Aneurysmal (“Angiomatoid”) fibrous histiocytoma of the skin

Abstract

Seventeen cases are reported of a variety of cutaneous fibrous histiocytoma, which we have designated as aneurysmal (“angiomatoid”) fibrous histiocytoma. These lesions differ from the classical cutaneous fibrous histiocytoma in both their clinical presentation and pathologic features. Clinically, they may be larger than the usual cutaneous fibrous histiocytoma, are blue, black, or dark red, and have a cystic consistency. They are most commonly located on the extremities and may be associated with symptoms of pain and rapid growth. The clinical diagnosis of fibrous histiocytoma is seldom considered in the differential diagnosis, which may include malignant melanoma, hemangioma, neurofibroma, and nonspecific cyst.

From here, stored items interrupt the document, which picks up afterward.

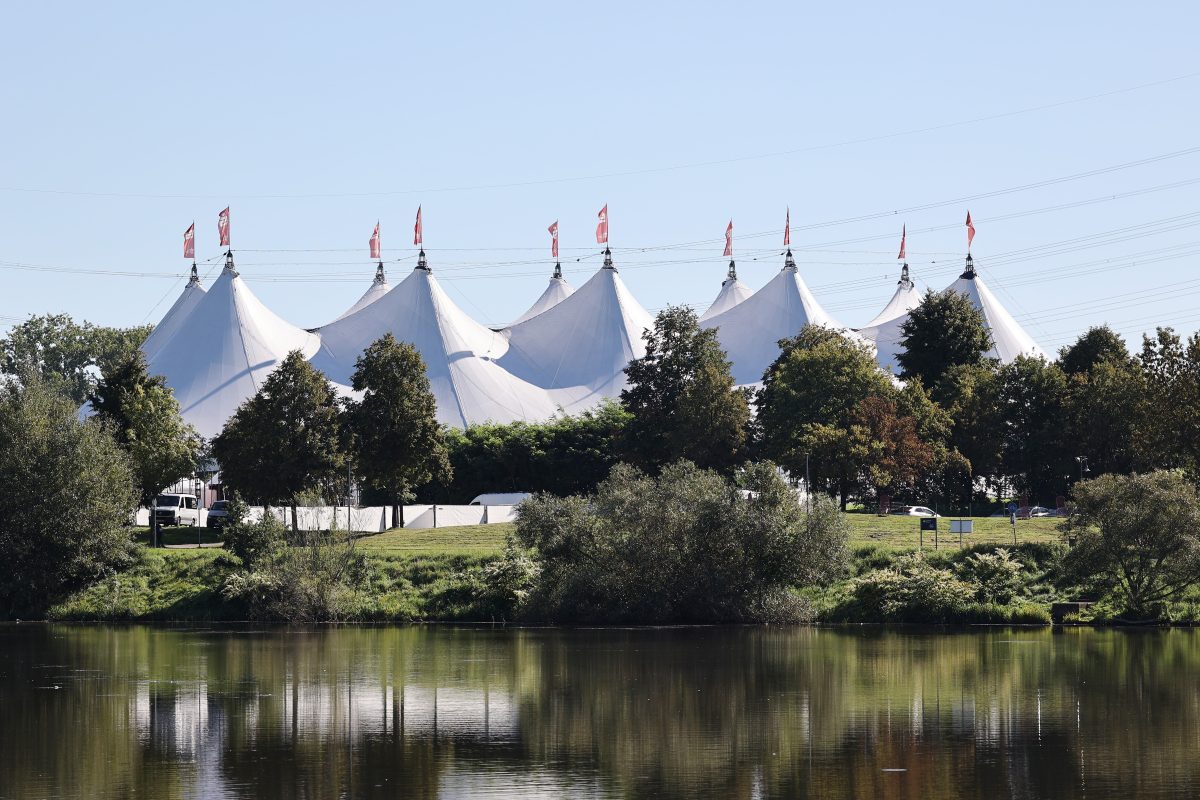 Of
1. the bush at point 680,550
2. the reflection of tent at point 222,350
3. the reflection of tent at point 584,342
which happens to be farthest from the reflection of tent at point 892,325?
the bush at point 680,550

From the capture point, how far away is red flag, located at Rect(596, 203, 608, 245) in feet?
312

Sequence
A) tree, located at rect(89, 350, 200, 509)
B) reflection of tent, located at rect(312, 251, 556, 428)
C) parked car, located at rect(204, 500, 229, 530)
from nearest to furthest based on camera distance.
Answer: tree, located at rect(89, 350, 200, 509)
parked car, located at rect(204, 500, 229, 530)
reflection of tent, located at rect(312, 251, 556, 428)

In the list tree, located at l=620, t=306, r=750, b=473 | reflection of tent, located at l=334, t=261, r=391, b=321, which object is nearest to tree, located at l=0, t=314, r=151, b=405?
reflection of tent, located at l=334, t=261, r=391, b=321

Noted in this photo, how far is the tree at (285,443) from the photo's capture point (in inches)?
2186

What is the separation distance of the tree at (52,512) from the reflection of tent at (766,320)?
147ft

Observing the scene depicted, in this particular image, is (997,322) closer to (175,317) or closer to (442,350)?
(442,350)

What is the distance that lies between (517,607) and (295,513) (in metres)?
9.12

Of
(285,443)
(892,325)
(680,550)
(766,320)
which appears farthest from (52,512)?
(892,325)

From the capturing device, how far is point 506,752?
2208 cm

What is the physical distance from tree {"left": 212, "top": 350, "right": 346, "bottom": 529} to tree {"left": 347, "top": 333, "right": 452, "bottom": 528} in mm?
1582

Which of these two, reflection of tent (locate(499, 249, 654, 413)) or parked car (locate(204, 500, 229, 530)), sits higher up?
reflection of tent (locate(499, 249, 654, 413))

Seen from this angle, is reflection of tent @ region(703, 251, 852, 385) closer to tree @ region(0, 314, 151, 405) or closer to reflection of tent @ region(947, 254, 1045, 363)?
reflection of tent @ region(947, 254, 1045, 363)

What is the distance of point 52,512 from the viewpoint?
1863 inches

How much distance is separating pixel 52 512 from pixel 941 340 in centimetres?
4286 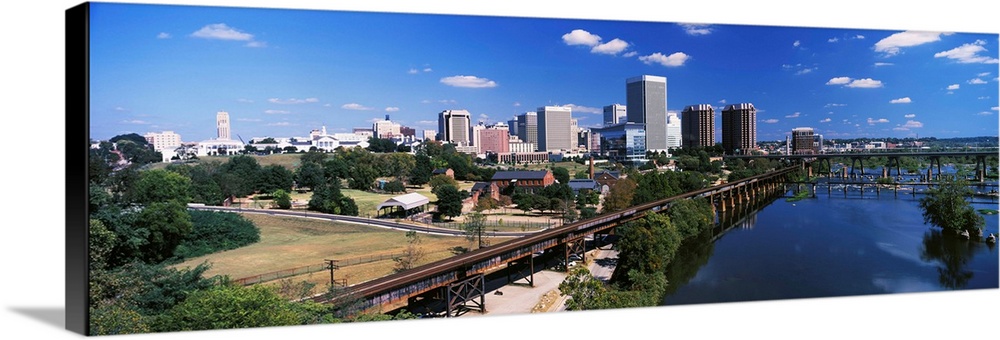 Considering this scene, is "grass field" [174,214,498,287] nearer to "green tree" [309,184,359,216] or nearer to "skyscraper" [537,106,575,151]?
"green tree" [309,184,359,216]

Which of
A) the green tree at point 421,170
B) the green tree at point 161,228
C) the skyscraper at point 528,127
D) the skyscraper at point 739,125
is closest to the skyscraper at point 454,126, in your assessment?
the skyscraper at point 528,127

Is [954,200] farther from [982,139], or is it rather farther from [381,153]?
[381,153]

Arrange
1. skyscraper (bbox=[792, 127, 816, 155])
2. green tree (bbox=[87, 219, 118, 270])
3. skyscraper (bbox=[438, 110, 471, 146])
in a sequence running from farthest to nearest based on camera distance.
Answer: skyscraper (bbox=[792, 127, 816, 155]) → skyscraper (bbox=[438, 110, 471, 146]) → green tree (bbox=[87, 219, 118, 270])

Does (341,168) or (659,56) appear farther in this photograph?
(341,168)

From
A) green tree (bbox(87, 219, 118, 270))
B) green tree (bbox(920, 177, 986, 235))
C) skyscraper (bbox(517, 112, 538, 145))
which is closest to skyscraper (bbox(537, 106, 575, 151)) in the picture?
skyscraper (bbox(517, 112, 538, 145))

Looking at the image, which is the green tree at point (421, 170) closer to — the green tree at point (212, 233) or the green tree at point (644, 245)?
the green tree at point (212, 233)

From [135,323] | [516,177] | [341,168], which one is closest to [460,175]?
[516,177]

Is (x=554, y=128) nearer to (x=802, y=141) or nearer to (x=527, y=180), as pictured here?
(x=527, y=180) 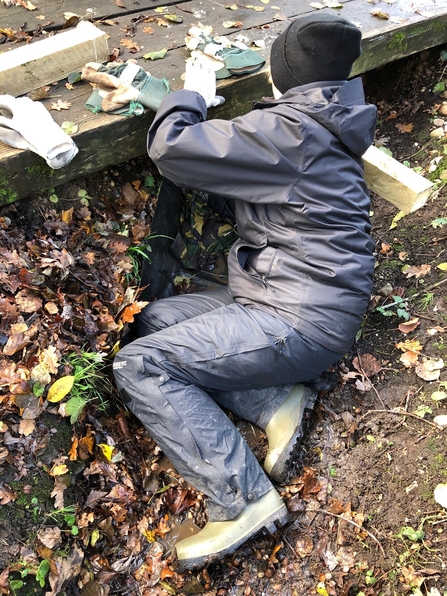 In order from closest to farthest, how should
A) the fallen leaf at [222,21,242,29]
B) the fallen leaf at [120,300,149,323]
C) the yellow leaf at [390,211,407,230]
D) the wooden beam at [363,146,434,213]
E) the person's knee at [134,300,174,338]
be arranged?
the fallen leaf at [120,300,149,323], the person's knee at [134,300,174,338], the wooden beam at [363,146,434,213], the fallen leaf at [222,21,242,29], the yellow leaf at [390,211,407,230]

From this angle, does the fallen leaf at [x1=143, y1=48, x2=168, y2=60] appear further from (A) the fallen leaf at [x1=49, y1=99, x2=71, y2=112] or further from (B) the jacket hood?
(B) the jacket hood

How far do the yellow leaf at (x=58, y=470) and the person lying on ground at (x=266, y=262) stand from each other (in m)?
0.51

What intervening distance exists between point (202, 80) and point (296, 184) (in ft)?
3.59

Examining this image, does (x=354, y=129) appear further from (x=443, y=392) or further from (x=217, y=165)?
(x=443, y=392)

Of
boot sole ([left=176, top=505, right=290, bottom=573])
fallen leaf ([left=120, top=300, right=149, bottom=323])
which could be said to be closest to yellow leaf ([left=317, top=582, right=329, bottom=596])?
boot sole ([left=176, top=505, right=290, bottom=573])

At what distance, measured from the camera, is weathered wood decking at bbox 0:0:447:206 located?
119 inches

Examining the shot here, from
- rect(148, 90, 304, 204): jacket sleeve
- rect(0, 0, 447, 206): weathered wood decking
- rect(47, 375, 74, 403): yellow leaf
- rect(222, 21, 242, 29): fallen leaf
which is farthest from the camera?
rect(222, 21, 242, 29): fallen leaf

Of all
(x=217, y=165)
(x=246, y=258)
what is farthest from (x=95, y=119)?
(x=246, y=258)

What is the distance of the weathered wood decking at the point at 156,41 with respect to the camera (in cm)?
301

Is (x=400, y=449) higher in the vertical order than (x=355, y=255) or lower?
lower

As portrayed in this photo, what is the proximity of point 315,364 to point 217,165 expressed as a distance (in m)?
1.35

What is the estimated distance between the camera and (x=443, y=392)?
318cm

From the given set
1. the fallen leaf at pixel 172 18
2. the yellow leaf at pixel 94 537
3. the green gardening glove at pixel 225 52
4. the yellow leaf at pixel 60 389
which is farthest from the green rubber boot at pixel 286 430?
the fallen leaf at pixel 172 18

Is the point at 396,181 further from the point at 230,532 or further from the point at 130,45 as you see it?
the point at 230,532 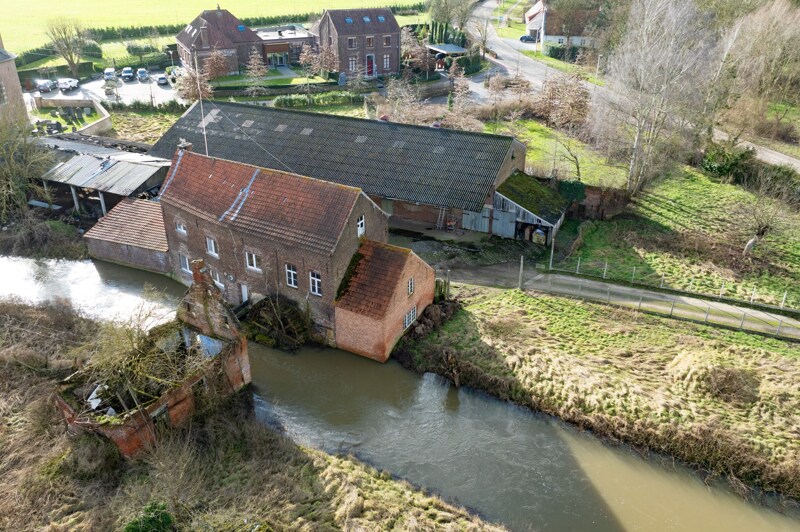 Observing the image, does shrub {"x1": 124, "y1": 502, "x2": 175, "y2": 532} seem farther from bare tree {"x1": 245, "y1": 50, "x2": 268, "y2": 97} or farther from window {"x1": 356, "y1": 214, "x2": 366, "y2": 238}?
bare tree {"x1": 245, "y1": 50, "x2": 268, "y2": 97}

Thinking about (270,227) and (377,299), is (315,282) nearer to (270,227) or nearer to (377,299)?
(377,299)

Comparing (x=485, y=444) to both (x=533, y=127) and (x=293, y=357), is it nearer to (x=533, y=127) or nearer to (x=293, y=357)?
(x=293, y=357)

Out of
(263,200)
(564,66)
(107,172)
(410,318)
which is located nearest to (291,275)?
(263,200)

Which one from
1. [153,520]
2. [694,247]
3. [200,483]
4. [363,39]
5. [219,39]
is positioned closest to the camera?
[153,520]

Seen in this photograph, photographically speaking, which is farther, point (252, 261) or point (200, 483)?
point (252, 261)

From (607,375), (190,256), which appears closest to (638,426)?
(607,375)

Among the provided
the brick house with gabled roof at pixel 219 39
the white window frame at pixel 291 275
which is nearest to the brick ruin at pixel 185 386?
the white window frame at pixel 291 275

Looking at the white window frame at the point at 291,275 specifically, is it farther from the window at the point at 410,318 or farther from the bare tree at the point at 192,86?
the bare tree at the point at 192,86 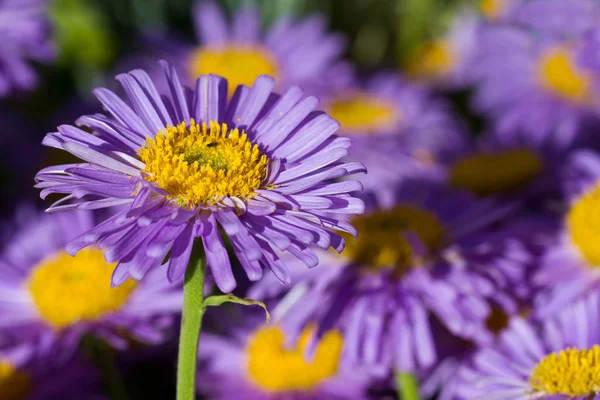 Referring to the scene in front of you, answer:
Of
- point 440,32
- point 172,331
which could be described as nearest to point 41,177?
point 172,331

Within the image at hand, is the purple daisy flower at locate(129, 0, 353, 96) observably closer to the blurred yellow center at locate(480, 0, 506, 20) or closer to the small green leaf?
the blurred yellow center at locate(480, 0, 506, 20)

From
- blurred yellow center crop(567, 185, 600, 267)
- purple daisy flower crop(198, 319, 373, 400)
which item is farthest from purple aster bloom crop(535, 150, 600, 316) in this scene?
purple daisy flower crop(198, 319, 373, 400)

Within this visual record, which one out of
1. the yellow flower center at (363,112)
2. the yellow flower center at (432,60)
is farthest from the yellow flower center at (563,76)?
the yellow flower center at (432,60)

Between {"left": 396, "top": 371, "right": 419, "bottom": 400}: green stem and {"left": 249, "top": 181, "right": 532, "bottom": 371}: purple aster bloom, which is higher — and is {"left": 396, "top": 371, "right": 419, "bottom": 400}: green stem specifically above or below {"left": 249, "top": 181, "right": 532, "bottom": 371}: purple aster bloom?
below

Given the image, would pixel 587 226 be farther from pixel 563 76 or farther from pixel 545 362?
pixel 563 76

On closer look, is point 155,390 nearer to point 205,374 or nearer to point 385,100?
point 205,374

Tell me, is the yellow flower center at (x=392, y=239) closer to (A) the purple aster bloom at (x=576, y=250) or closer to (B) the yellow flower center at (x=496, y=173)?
(A) the purple aster bloom at (x=576, y=250)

Histologically, the lesions are characterized by the presence of large, blood-filled tissue spaces, which, at times, account for up to one half their size. These spaces lack an endothelial lining, being surrounded and lined by histiocytes, many of which contain hemosiderin pigment, fibroblasts, and foam cells. The solid portions of the tumor have the usual features of a cutaneous fibrous histiocytoma. This “angiomatoid” lesion is closely allied to what has been termed “hemosiderin histiocytoma,” which appears to be a precursor stage in its formation. The presence of extravasated erythrocytes in combination with a spindle-cell stroma may lead to an erroneous diagnosis of Kaposi's sarcoma. This cutaneous tumor has architectural and cytologic similarities to its malignant soft tissue counterpart recently described as angiomatoid malignant fibrous histiocytoma. However, unlike the latter, the cutaneous lesion is benign and lacks the prominent inflammatory infiltrate, pleomorphic appearance, and systemic manifestations of its soft tissue counterpart. The distinctive clinical and pathologic features of the cutaneous lesion serve to separate it as a specific variant of the cutaneous fibrous histiocytomas.